**Extracted entries:**

· · · · ·

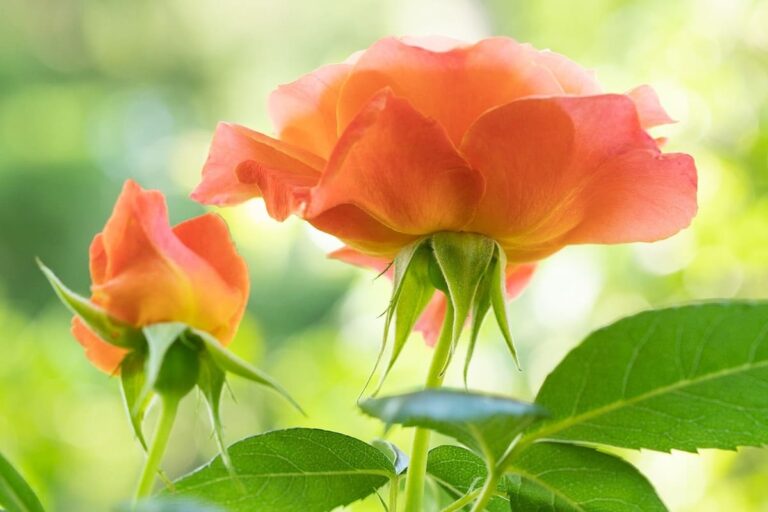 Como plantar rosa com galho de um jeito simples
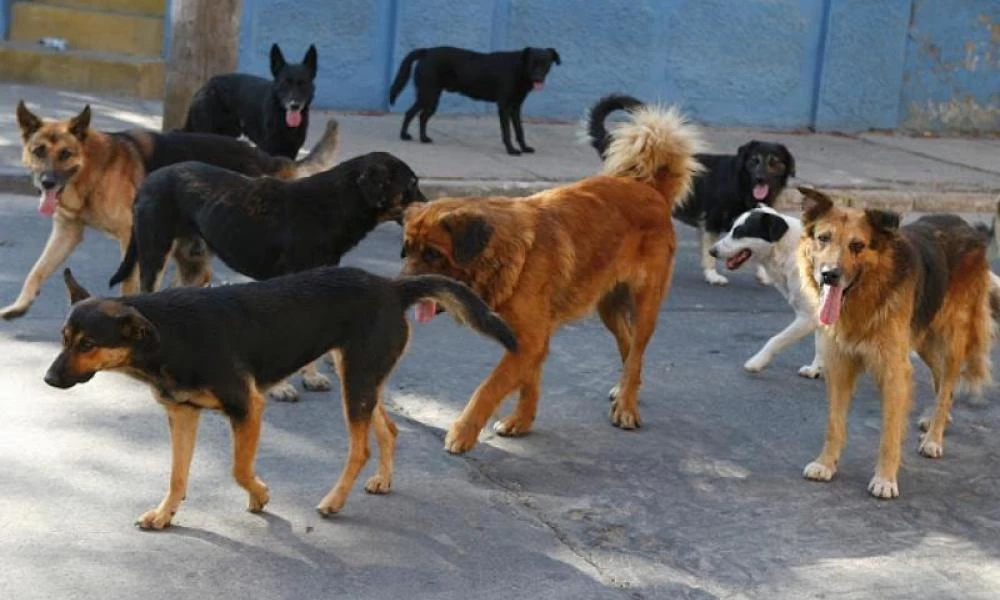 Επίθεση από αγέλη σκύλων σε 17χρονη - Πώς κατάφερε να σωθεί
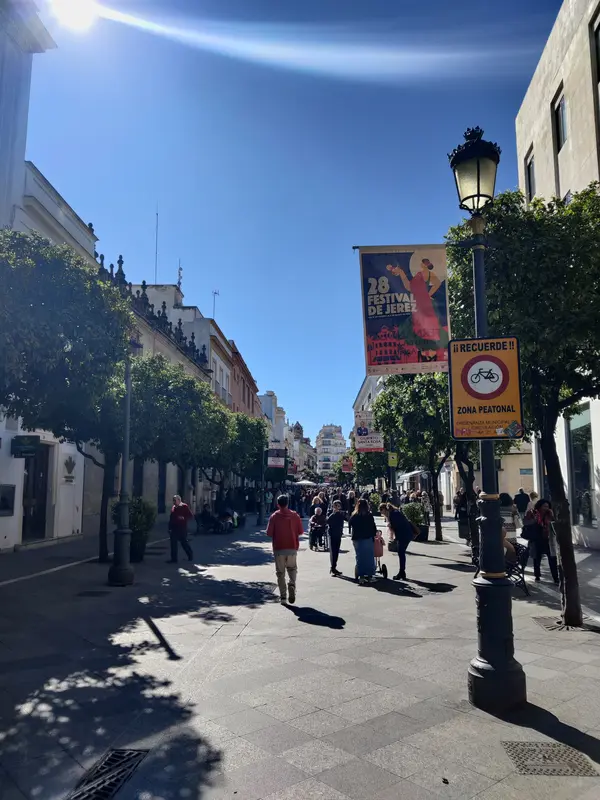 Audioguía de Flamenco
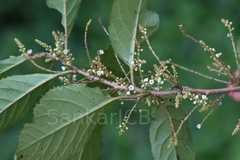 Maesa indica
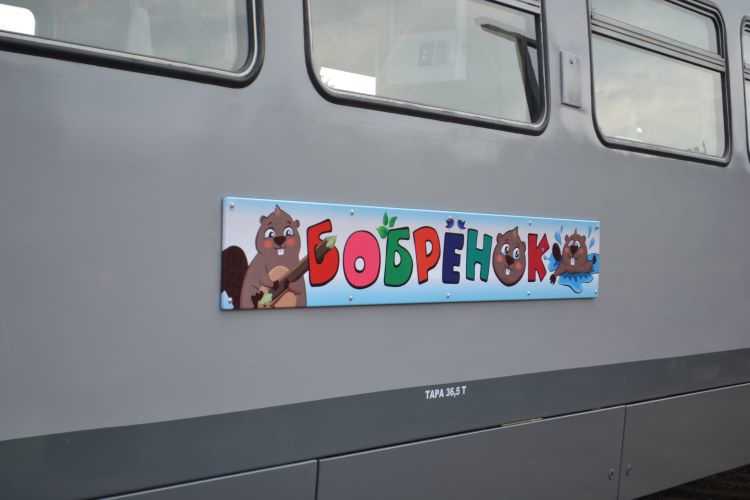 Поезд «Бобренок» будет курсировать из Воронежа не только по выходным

· · · · ·

Excluding the pictures, write out exactly the lines from the line that contains "Audioguía de Flamenco" through the end of the records.

**Solution for this problem:**
 Audioguía de Flamenco
 Maesa indica
 Поезд «Бобренок» будет курсировать из Воронежа не только по выходным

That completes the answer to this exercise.